Musings - 2008 entries: Text

Tuesday, 12 August 2008

The Bard is Bored
Mood:  chillin'

It's unlike me to be such a hermit. I've been keeping to myself lately, only going out in the early morning to keep my falchion sharp. My handmaidens likely miss my attention, and I'd hate to have them falter in their training due to my absence.

Only a few weeks before the Highlord is supposedly back. I can only hope that my testing is his first priority, as I've waited quite some time now. Thankfully, my tenure has not been as long as some but certainly long enough that with a lesser will I might have returned to Sharath.

I'm looking forward to gaining a q'halae, if possible.
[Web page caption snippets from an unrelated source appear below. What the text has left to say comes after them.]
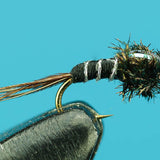 Flash Quill Nymph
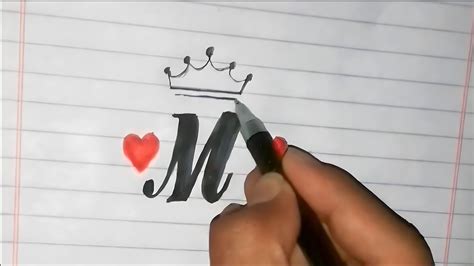 how to write m in cursive: exploring the nuances of letter formation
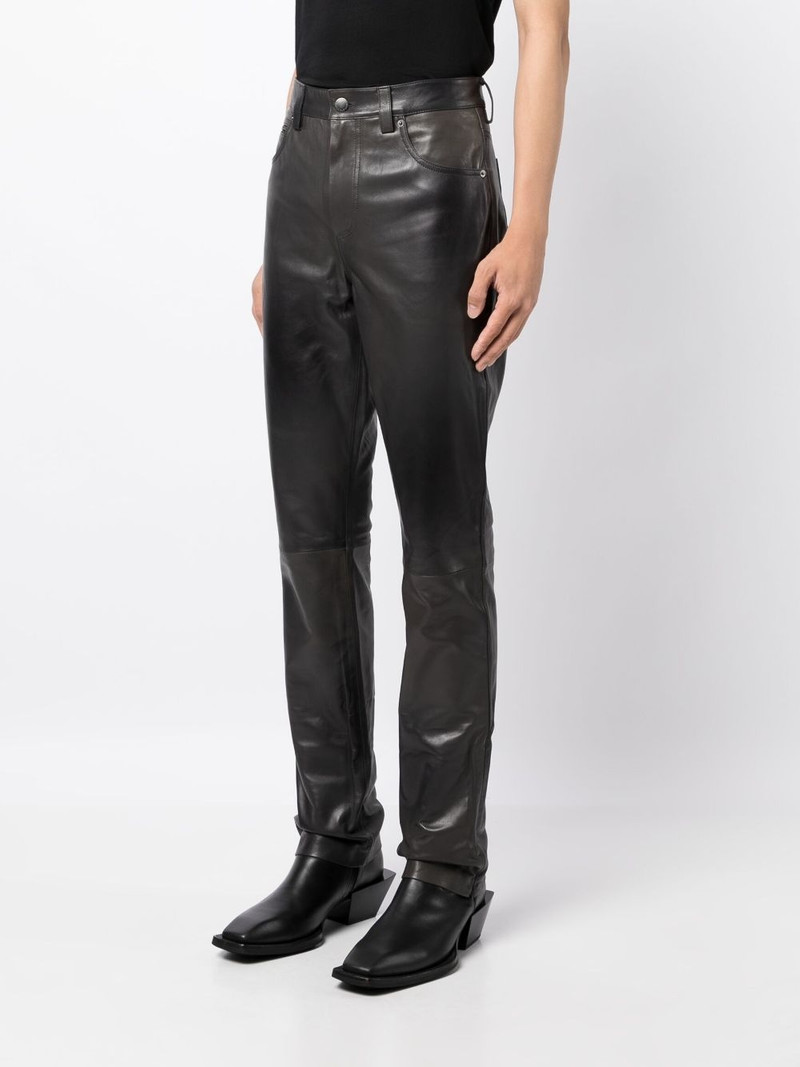 Drum Solo straight-leg trousers 3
I think I'd have much to offer a new recruit and additionally it would give me something to do with my idle time.

-Tah'lon

Musings - 2008 entries: Text

CONCLUSION

Note: Not long after this, it was determined that the Highlord was not returning and would be on hiatus for likely another year. The Tower at this time was not willing to keep an active officer membership, and thus new members would not be allowed to join. I had already completed my q'hali training years ago, and met with the same stagnation, and a second time was simply irritating. My caste refused to let me further waste time, thus was summoned to returned to Sharath to leave everything behind.